We initiate the study of fine-grained completeness theorems for exact and approximate optimization in the polynomial-time regime. Inspired by the first completeness results for decision problems in P (Gao, Impagliazzo, Kolokolova, Williams, TALG 2019) as well as the classic class MaxSNP and MaxSNP-completeness for NP optimization problems (Papadimitriou, Yannakakis, JCSS 1991), we define polynomial-time analogues MaxSP and MinSP, which contain a number of natural optimization problems in P, including Maximum Inner Product, general forms of nearest neighbor search and optimization variants of the (k)-XOR problem. Specifically, we define MaxSP as the class of problems definable as (\max_{x_1,\dots,x_k} #\{ (y_1,\dots,y_\ell) : \phi(x_1,\dots,x_k, y_1,\dots,y_\ell) \}), where (\phi) is a quantifier-free first-order property over a given relational structure (with MinSP defined analogously).

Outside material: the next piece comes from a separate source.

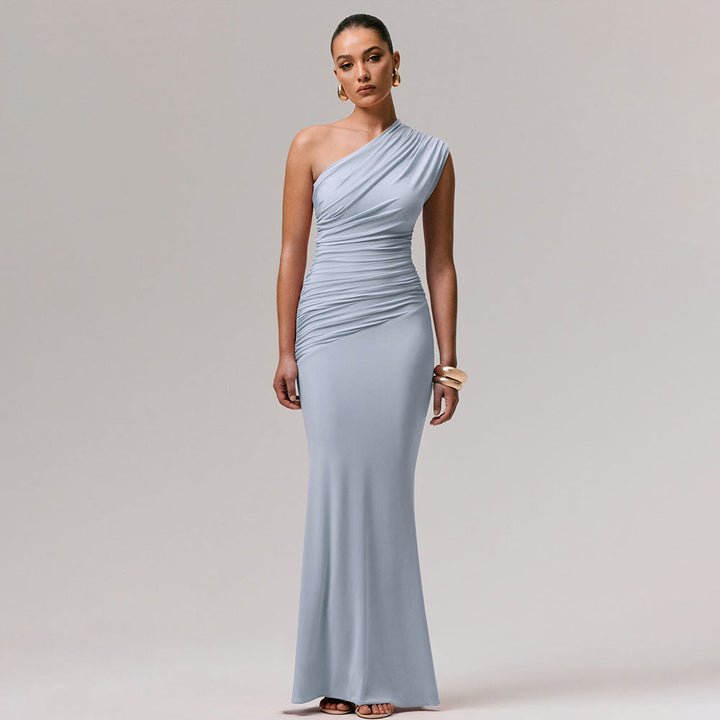 Damen Langarm-Maxikleid mit asymmetrischem Schnitt und raffinierten Drapierungen Echoarchiv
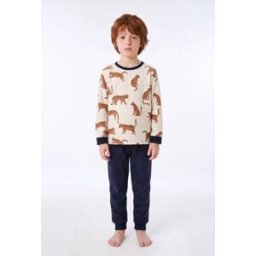 MONOPRIX Pyjama velours manches longues imprimé contient du coton BIO GOTS 8 ans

On (m)-sized structures, we can solve each such problem in time (O(m^{k+\ell-1})). Our results are:

• We determine (a sparse variant of) the Maximum/Minimum Inner Product problem as complete under deterministic fine-grained reductions: A strongly subquadratic algorithm for Maximum/Minimum Inner Product would beat the baseline running time of (O(m^{k+\ell-1})) for all problems in MaxSP/MinSP by a polynomial factor.
• This completeness transfers to approximation: Maximum/Minimum Inner Product is also complete in the sense that a strongly subquadratic (c)-approximation would give a ((c+\epsilon))-approximation for all MaxSP/MinSP problems in time (O(m^{k+\ell-1-\delta})), where (\epsilon > 0) can be chosen arbitrarily small. Combining our completeness with~(Chen, Williams, SODA 2019), we obtain the perhaps surprising consequence that refuting the OV Hypothesis is equivalent to giving a (O(1))-approximation for all MinSP problems in faster-than-(O(m^{k+\ell-1})) time.